Based on our framework, we have implemented a tool in OCaml, and used it for verifying 19 concurrent algorithms (both lock-based and lock-free) including two stacks, five queues, nine ordered sets, one unordered set and two CAS algorithms. The user needs to provide the program code and the set of controllers. The experiments were performed on a desktop 2.8 GHz processor with 8 GB memory. The results are presented in Fig. 6, where running times are given in seconds. Figure 6(a) provides the verification results for all algorithms except for HW queue with provided linearization policies, using the technique of controllers introduced in the paper. Figure 6(b) provides the verification results for queues and stack without LP placement, using the technique adapted from [4, 15]. All experiments start from the initial heap, and end either when the analysis reaches the fixed point or when a violation of linearizability is detected.

Helping. The algorithms marked by \(\checkmark \) use helping. We run some of the algorithms with two different helping patterns (such as the ones described in Sect. 3), and report the execution time for each.

Arrays. Our tool does not currently support arrays, and hence we have transformed arrays to singly-linked lists in the algorithms that use the former.

Safety Properties. Our tool is also capable of verifying memory related safety properties such as the absence of null pointer dereferencing, dangling pointers, double-freeing, cycles, and dereferencing of freed nodes, as well as sortedness. In fact, for each algorithm, the time reported in Fig. 6 is the sum of the times taken to show linearizability and all the properties mentioned above.

Running Times. As can be seen from the table, the running times vary in the different examples. This is due to the types of shapes that are produced during the analysis. For instance, the CCAS, RDCSS, stack and queue algorithms without an elimination produce simple shape patterns and hence they have shorter running times.
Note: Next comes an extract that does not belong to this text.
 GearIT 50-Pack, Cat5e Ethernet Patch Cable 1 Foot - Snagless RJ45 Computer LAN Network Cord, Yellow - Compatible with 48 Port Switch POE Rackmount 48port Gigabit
Several features may make shapes more complex, such as insertion/removal of elements in the middle of a list in the ordered set algorithms, and having two linked lists (instead of one) in the elimination queue and stack algorithms. Also, the unordered set algorithm generates complex shapes since it allows physically removed elements to re-appear in the set.

Error Detection. In addition to establishing correctness of the original versions of the benchmark algorithms, we tested our tool with intentionally inserted bugs. For example, we emitted broadcast messages in the controllers or inserted bugs into the codes of algorithms. In all cases, the tool, as expected, successfully detected and reported the bug. In the Lazy Set algorithm, when we emitted rule \(\rho _7\) in Fig. 3, the tool reported an error. As another example, when we removed the statement in line 4 of the add method in the Lazy Set algorithm, the tool also reported an error.

9 Conclusions

We have presented a uniform framework for automatically verifying linearizability of singly-linked list-based concurrent implementations of sets, stacks, and queues, annotated with linearization policies. Our contributions include a novel formalism for specifying linearization policies with non-fixed LPs, an extension of thread-modular reasoning, and an extension of existing symbolic representations of unbounded singly-linked-list structures containing data from an unbounded domain. We have verified all linearizable singly-linked list-based implementations known to us in the literature. In the future, we intend to extend the framework to more complex data structures.